By Rizal Raoul Reyes

The Philippines has to give equal importance in enhancing its digital infrastructure to make its citizens more competitive in the digital age, according to a leading European management consultant.

Lundgreen Capital founding CEO Peter Lundgreen

Lundgreen Capital founding CEO Peter Lundgreen

“The current administration is too focused on the traditional infrastructure such as railroads and bridges. They should also concentrate in building the ICT and Internet infrastructure of the Philippines,” Lundgreen’s Capital founding CEO Peter Lundgreen told Newsbytes.PH in a recent interview in Makati City.

“I have observed that the ‘Build, Build, Build’ infrastructure program is too focused on classical infrastructure such as roads, buildings and ports. Instead, they should focus on constructing the digital infrastructure and the Internet,” Lundgreen added.

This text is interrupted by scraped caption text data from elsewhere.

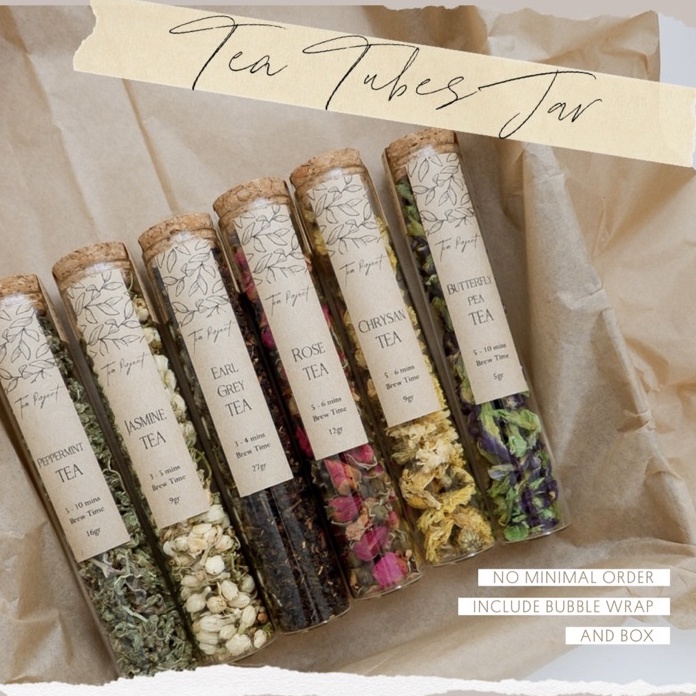 

KODE UNO683 Tea Tube Jar | Glass tube with cork lid | Satuan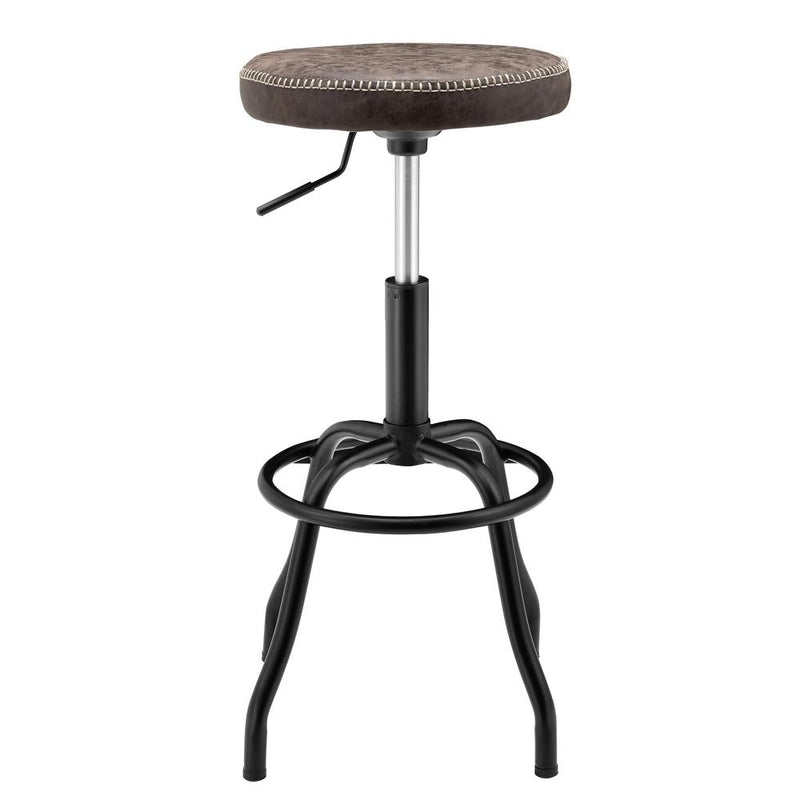 Eaton PU Leather Gaslift Backless Swivel Bar Stool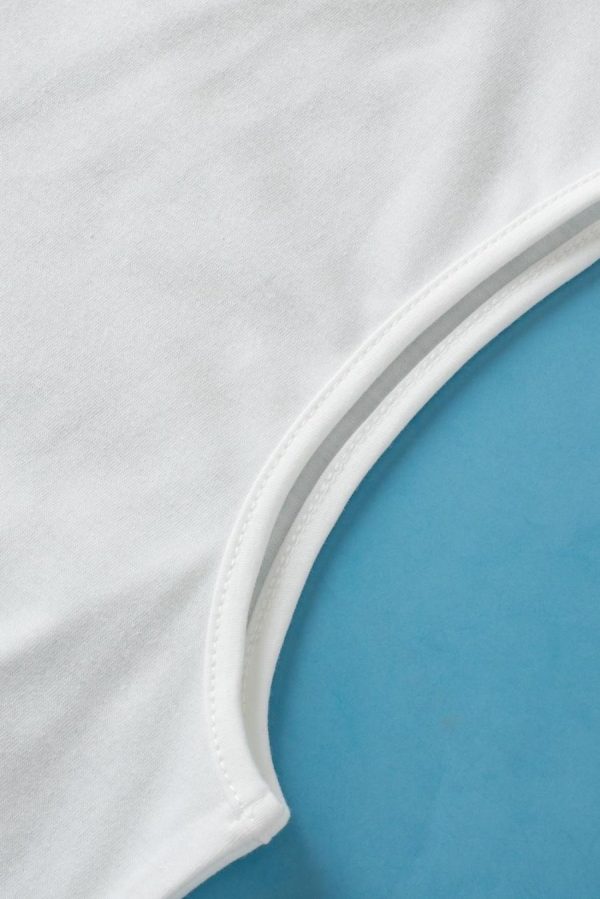 Sleeveless Tops | White Solid Color Crew Neck Pleated Tank Top - Women - Image 6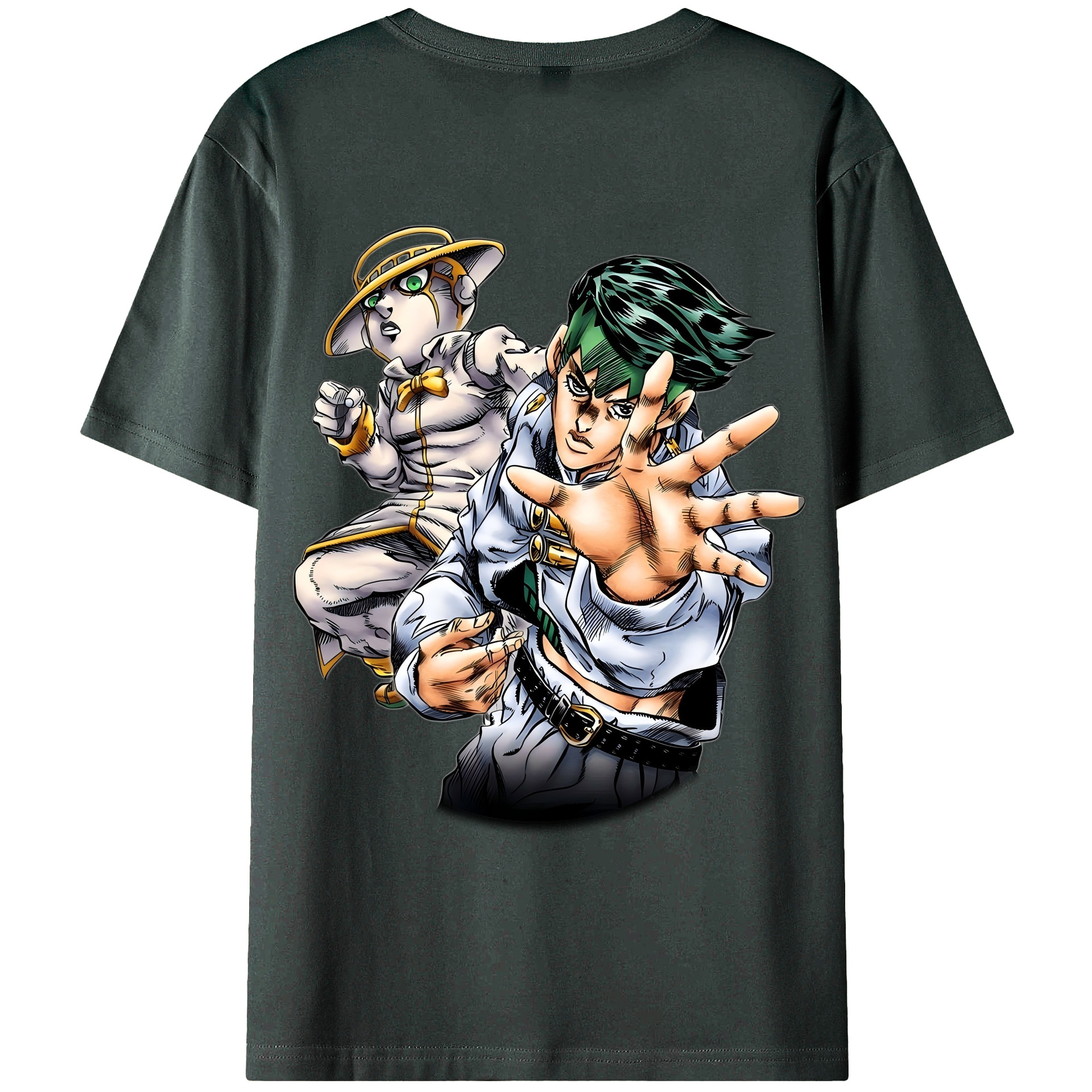 （画像用） ジョジョの奇妙な冒険 岸辺 露伴（きしべ ろはん） JoJo's Bizarre Adventure Rohan Kishibe 綿100％ メンズ半袖Tシャツ（バックプリント） 通気性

The Duterte administration plans to implement a $180-billion infrastructure campaign in a six-year period.

Although the mammoth projects included in the program will boost employment and the country’s gross domestic product, Lundgreen said the challenge of pursuing traditional infrastructure projects is the requirement to generate a positive return for the investors. “It needs to be profitable,” he said.

Although the government earlier said it wants to upgrade the Internet infrastructure in the country, it still pales in comparison to the resources allocated to the classical infrastructure.

He said pursuing classical infrastructure projects are quite acceptable to politicians because they can easily use them to promote to their constituents. Moreover, he said the politicians can easily tell the people these projects can help them move to various parts of the country.

“But the thing is that building a digital infrastructure is also transportation of services which has a higher value. Being a country of having a highly educated workforce, Filipinos can participate in the global economy if they have a better internet connection,” the Copenhagen, Denmark-based consultant explained.

“That means people in the Philippines can participate in the global workforce without moving to the large urban areas; That would be the biggest benefit of the digital infrastructure,” he added.

Lundgreen also pointed out the country needs to improve its investment climate to attract another player in telecommunications industry. He said investors would only move in when the business climate is conducive for growth and stability.

“Investors would only move in when the infrastructure is better. Either the international investor will finance the development of the infrastructure or the local partner-company can really have a say on the price of the services,” he said.